Excerpt
Learn how to write a SHA1 hash function from scratch and understand the process behind it. This blog post explains each step in detail and provides examples for better understanding.
Introduction
SHA1 or SHA-1 is a popular one-way cryptographic hash function used widely in security applications. Though the algorithm is complex, it is educational and insightful to understand the core steps involved in implementing a basic SHA1 hash function from scratch. In this post, we will walk through the key stages of developing a SHA1 hashing program in a simplified manner.
Understanding SHA1
SHA1 takes an arbitrary length input message and produces a 160-bit hash value. Key properties:
- Small changes in input lead to significant changes in output
- Infeasible to generate original input from hash
- Low chance of collisions for different inputs
The SHA1 algorithm operates on binary data and consists of 6 main steps:
- Convert input to binary
- Pad the input
- Break into 512-bit blocks
- Initialize variables
- Perform hash computation
- Output final 160-bit hash
Let’s look at each step:
Step 1: Converting Input to Binary
The input string is first converted to a binary bit string. This can be done by:
- ASCII encoding - converting characters to 8-bit ASCII values
- Unicode encoding - converting characters to 16-bit Unicode code points
For example, the string “Hello” becomes
10100100001100101011011000110110001101111
in ASCII binary form.
Step 2: Padding the Message
The binary message is padded to ensure its length is a multiple of 512 bits. Padding involves:
- Appending a single 1 bit to message
- Adding 0 bits until message is 64 bits shy of next 512 multiple
- Appending a 64-bit message length value at the end
So “Hello” with its ASCII binary is padded to become
101001000011001010110110001101100011011110000001000000000000000000000000000000000000000000000000000000000000000000000000000000000000000000000000000000000000000000000001010000001010100100000011001010
Step 3: Breaking the Message into Blocks
The padded message is then broken into 512-bit blocks. If the padded length is 1048 bits, we get two 512-bit blocks:
1Block 1: 0100100001100101011011000110110001101111000000100000000000000000000000000000000000000000000000000000000
2
3Block 2: 000000000000000000000000000000000000000000000000000000000000000000000000000000000000000001010000001010100100000011001010
Step 4: Initializing Variables and Constants
SHA1 uses five 32-bit variables initialized as:
1var h0 := 0x67452301
2var h1 := 0xEFCDAB89
3var h2 := 0x98BADCFE
4var h3 := 0x10325476
5var h4 := 0xC3D2E1F0
It also uses constants generated from the fractional parts of the cube root of primes from 2 to 79.
Step 5: Hash Computation
This involves four rounds of processing the message blocks:
- Message Scheduling - Creating 80 expanded message words
- Compression Function - Conducting logical operations usingExpanded message, constants and hash values.

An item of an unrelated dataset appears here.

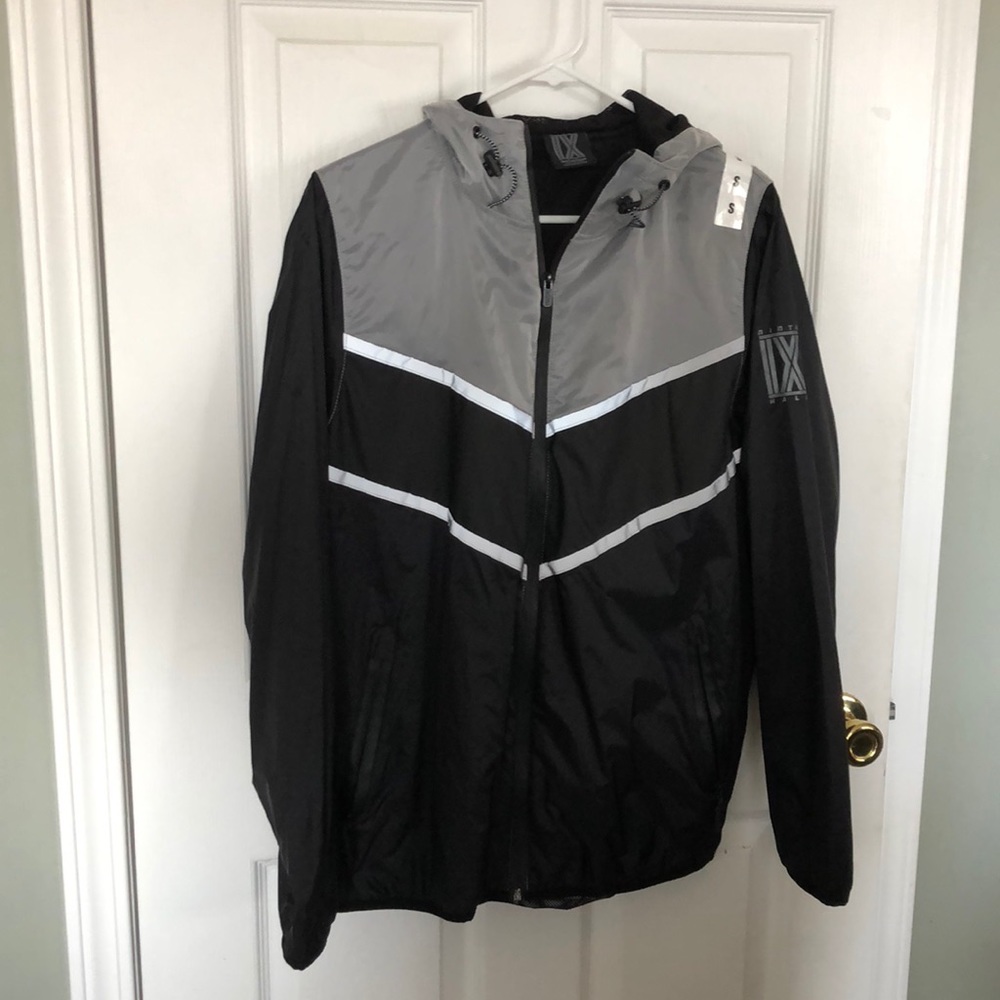 Men’s Windbreaker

- Updating Hash Value - Adding output of compressionfunction to initial hash values.
- Output - Converting final hash values to hexadecimal to generate 160-bit hash.
The compression and update steps are repeated for each 512-bit block.
Step 6: Generating the Final Hash
After all blocks are processed, the final 160-bit hash value is produced by concatenating the 5 updated 32-bit hash variables h0 to h4.
For “Hello”, the final SHA1 hash is
1f7ff9e8b7bb2e09b70935a5d785e0cc5d9d0abf0
An free online tool to quickly verify your answers
Conclusion
Implementing the SHA1 algorithm from scratch provides valuable insights into its internal workings. By following the essential steps of preprocessing, initialization, hash computation and output generation, we can produce the final SHA1 digest for any input. Learning these cryptographic concepts and methods prepares us for tackling more advanced hash functions down the road.